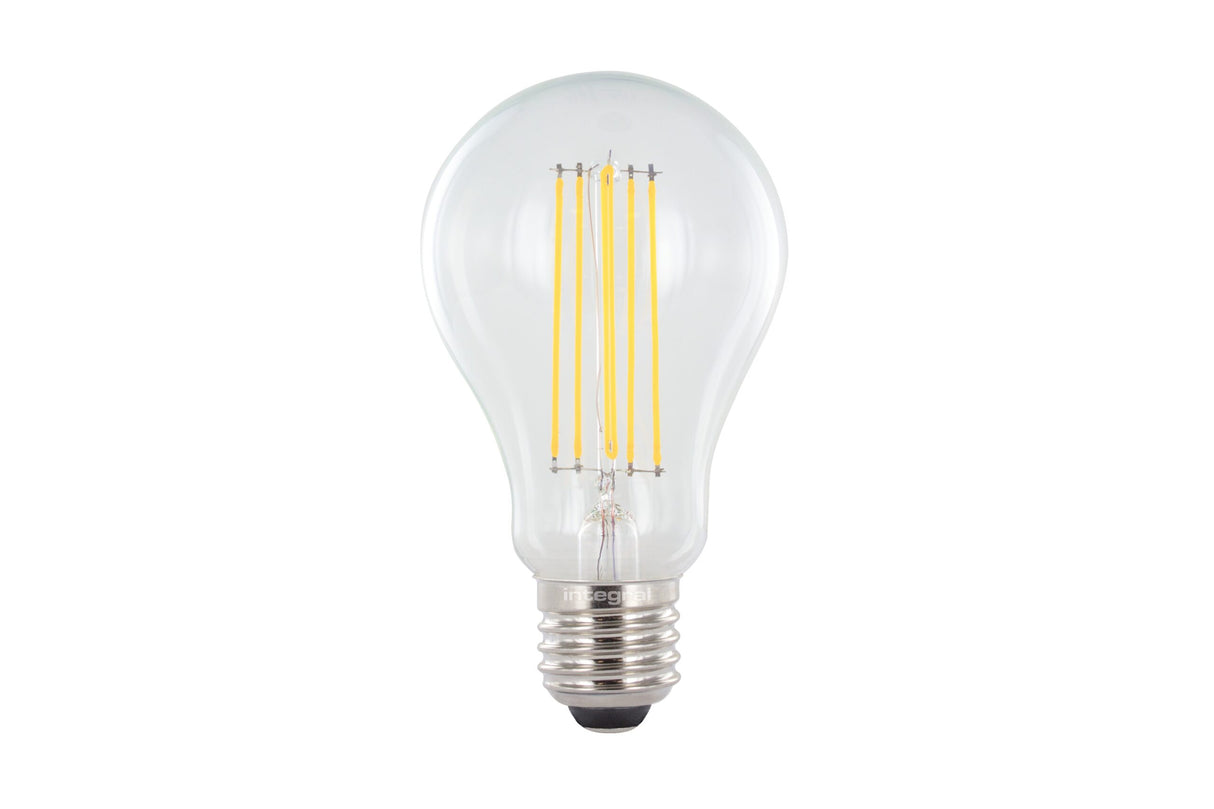 OMNI FILAMENT GLS BULB E27 1521LM 11.2W WARM WHITE 2700K NON-DIMM 320 BEAM CLEAR FULL GLASS INTEGRAL -  ILGLSE27NC062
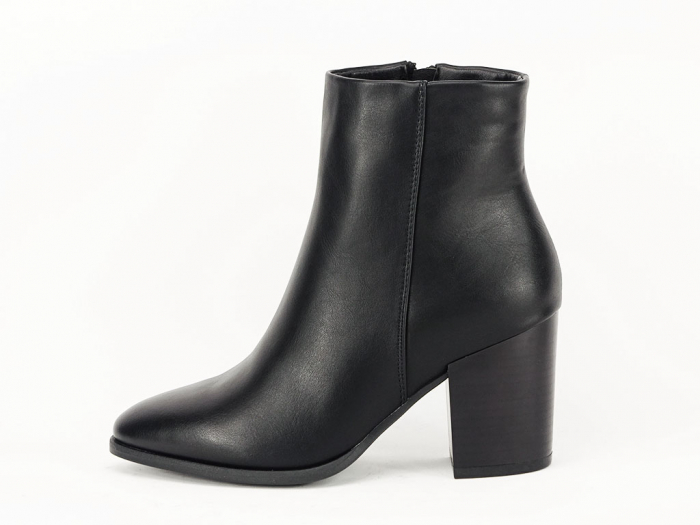 BOTINE NEGRE ELEGANTE OLIVIA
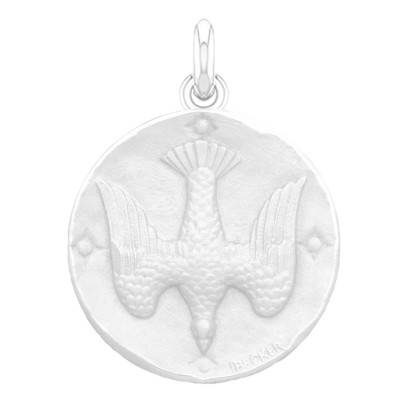 Holy Spirit Silver Medal, Diameter 15 mm to 20 mm - Becker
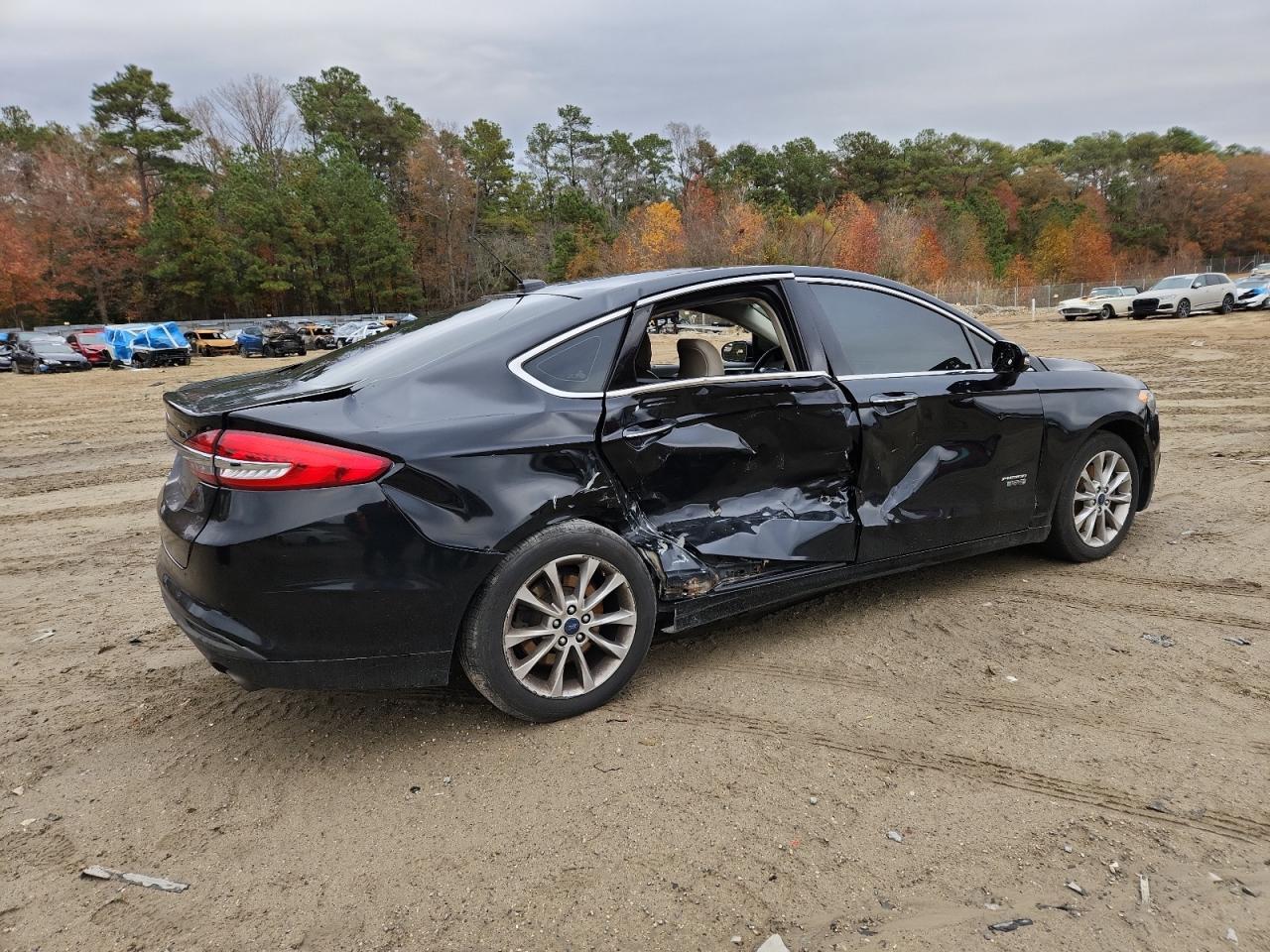 2017 FORD FUSION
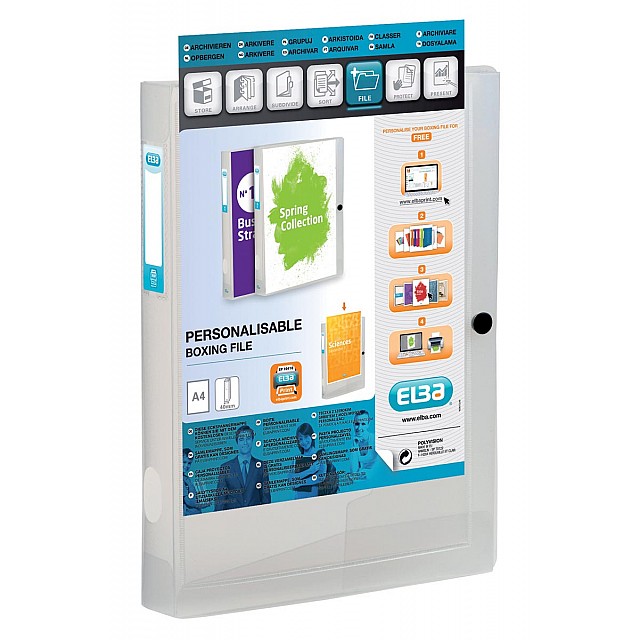 ELASTOBOX POLYVISION TRANSP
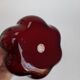 Red pumpkin vase Arthur Percy for Elme Glasbrück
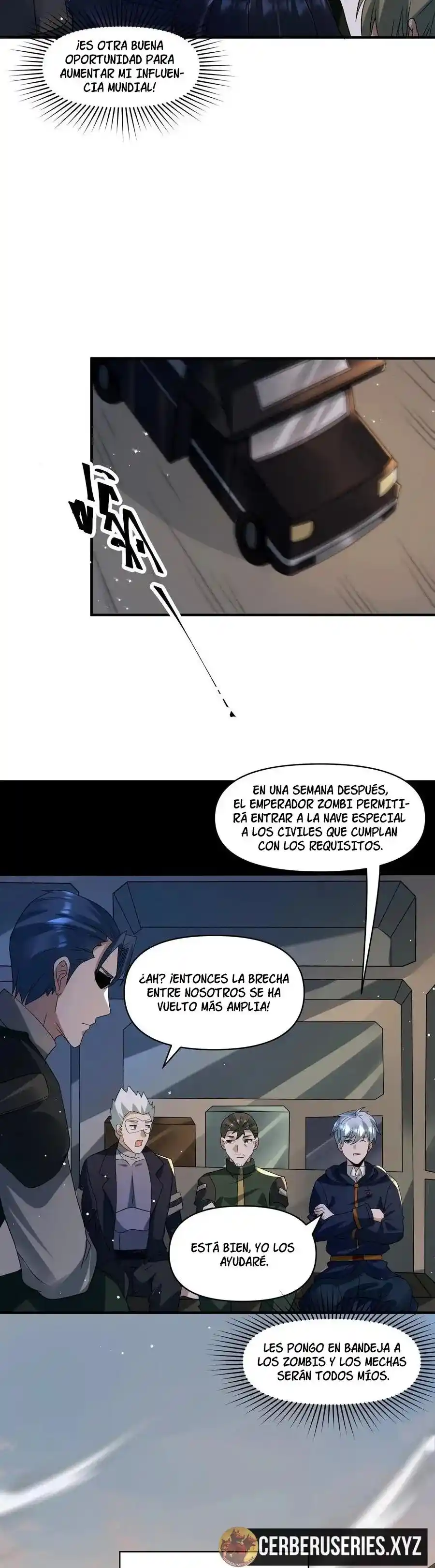 100% De Drop Rate En El Apocalipsis capítulo 340 página 6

■ About this task: From the first line to the last, set down the records word for word and drop the images.

■ Worked solution:
 OMNI FILAMENT GLS BULB E27 1521LM 11.2W WARM WHITE 2700K NON-DIMM 320 BEAM CLEAR FULL GLASS INTEGRAL -  ILGLSE27NC062
 BOTINE NEGRE ELEGANTE OLIVIA
 Holy Spirit Silver Medal, Diameter 15 mm to 20 mm - Becker
 2017 FORD FUSION
 ELASTOBOX POLYVISION TRANSP
 Red pumpkin vase Arthur Percy for Elme Glasbrück
 100% De Drop Rate En El Apocalipsis capítulo 340 página 6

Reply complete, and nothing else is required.